*THE DATA:*
________________________
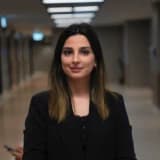 Klinik Psikolog Gözde Göktaş Profil Fotoğrafı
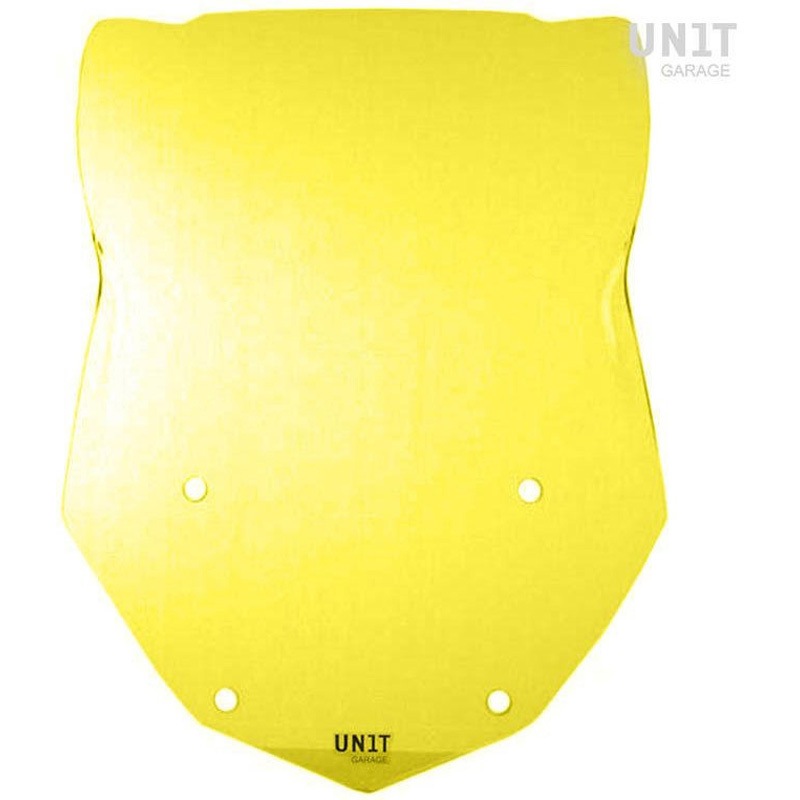 1913_Yellow ウインドシールド XL | 1913 1個 UnitGarage (ユニットガレージ) 【通販モノタロウ】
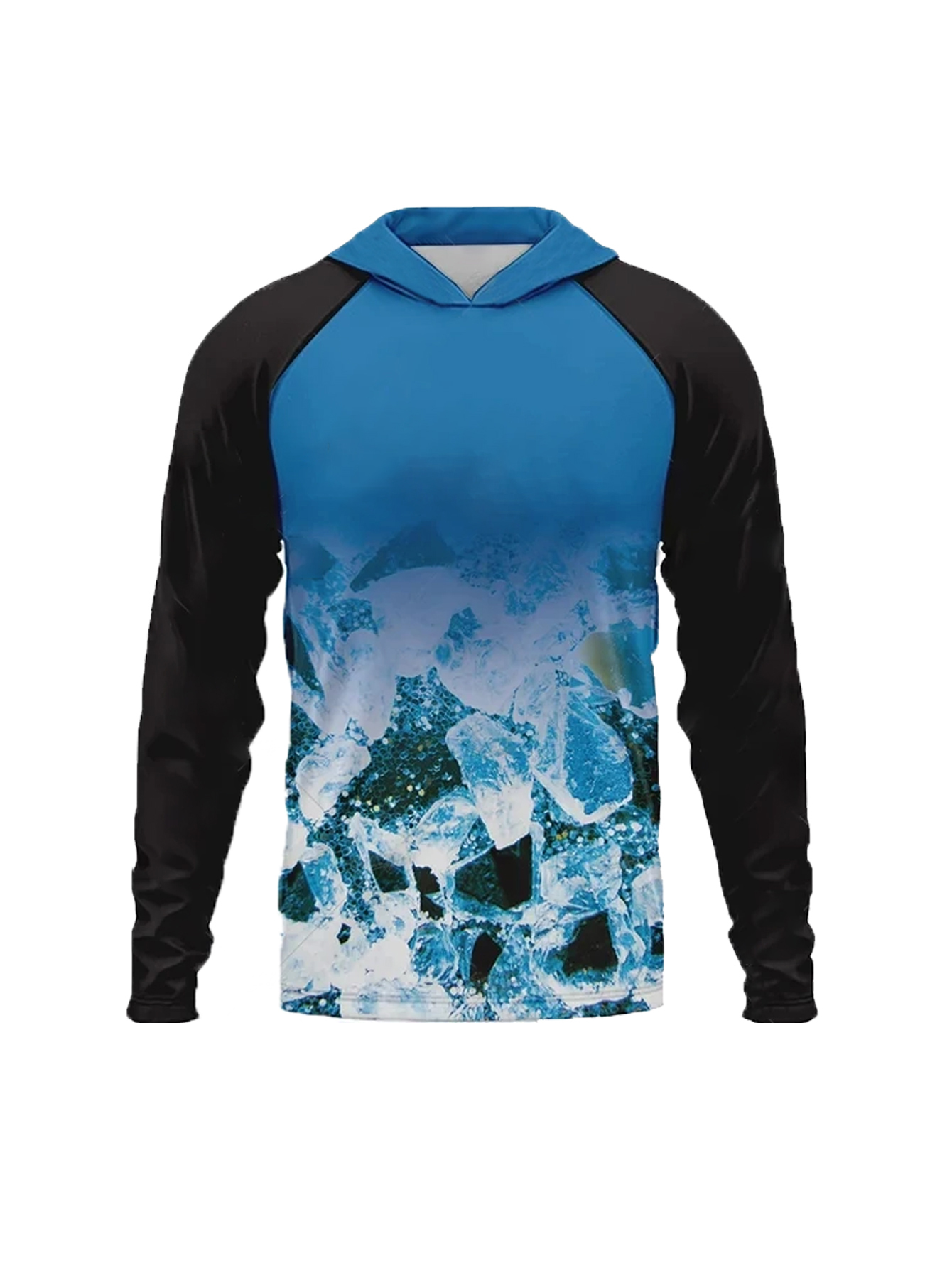 Fishing Clothing Performance F - Fishing Shirt Uv Protection recensione e prezzo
________________________
*PROBLEM DESCRIPTION:* Could you transcribe exactly the lines from the one with "1913_Yellow ウインドシールド XL" through the end of the data, both ends included, and nothing else, skipping the pictures?

*OUTPUT BELOW:*
 1913_Yellow ウインドシールド XL | 1913 1個 UnitGarage (ユニットガレージ) 【通販モノタロウ】
 Fishing Clothing Performance F - Fishing Shirt Uv Protection recensione e prezzo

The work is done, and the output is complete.